HOME > 社会保険の知識 > 健康保険の知識

社会保険の知識

健康保険の知識

被扶養者の認定について
○ 被扶養者の認定基準

被扶養者として認定されるための条件のひとつである「主として被保険者の収入で生計を維持している状態」とは、次の基準をもとに判断されます。

○ 年収130万円未満が目安

対象となる人の年収が130万円(60歳以上の人又は障害者は、180万円)未満となっています。
未満で、被保険者の年収の半分未満であるときは被扶養者となります。

ただし、年収が被保険者の年収の半分以上であるが130万円未満で、被保険者の年収を上回らない場合には、その世帯の生計状況から総合的に考え、被保険者の収入がその世帯の中心をなしていると認められれば、被扶養者になれます。

○ 別居の場合は仕送り額で判断

被保険者である子などと別居している場合には、年収が130万円未満で、被保険者からの仕送額(援助額)より少ないときに被扶養者となります。

○ 生計維持関係判断の目安

被扶養者の認定は、以上の基準で行われますが、機械的にー律に適用するのではなく、その取扱いによると生活の実態とかけはなれるなど妥当性を欠く場合には、実情に応じた認定が行われます。
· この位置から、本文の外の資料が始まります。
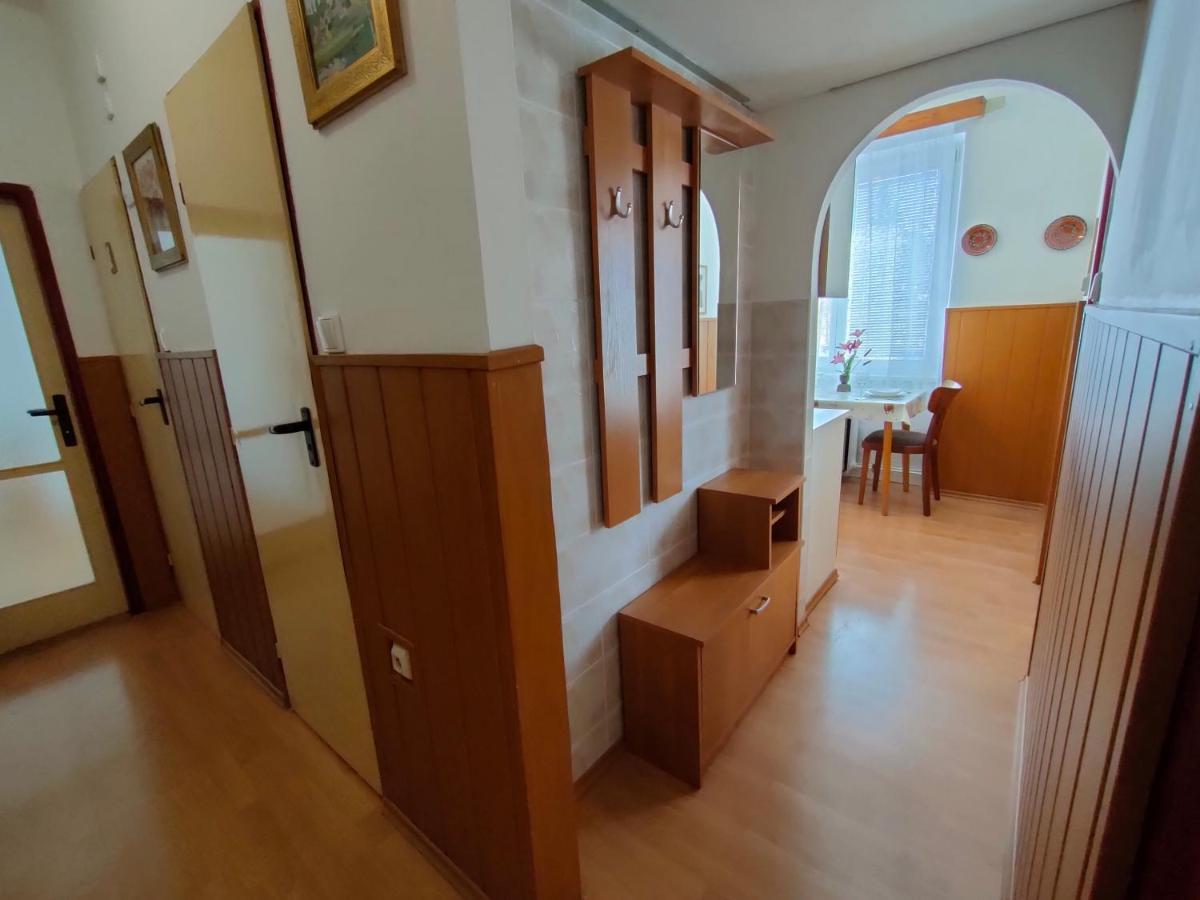 2-Iz. Byt V Tichej Lokalite S Bezplatnym Parkovanim Ліптовски-Градок Екстер'єр фото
パートタイマーやアルバイトでも社会保険に加入できるか?

パートタイマーは、通常の従業員に比べて勤務時間が短い人、アルバイトは、勤務期間が限られている人をいいます。

パートタイマーであっても適用事業所との間に使用関係があり、その提供した労務の対償として報酬を受け次の条件に該当すれば、被保険者になります。

  1. 通常の従業員が勤務する所定労働時間の概ね4分の3以上で、かつ1ヶ月の所定労働日数の概ね4分の3以上であれば被保険者になります。
    例えば、1日の所定労働時間が8時間で、1ヶ月の所定労働日数が22日の会社ならば、1日の労働時間が6時間以上でかつ1ヶ月の所定労働日数が16日以上なら被保険者になる計算です。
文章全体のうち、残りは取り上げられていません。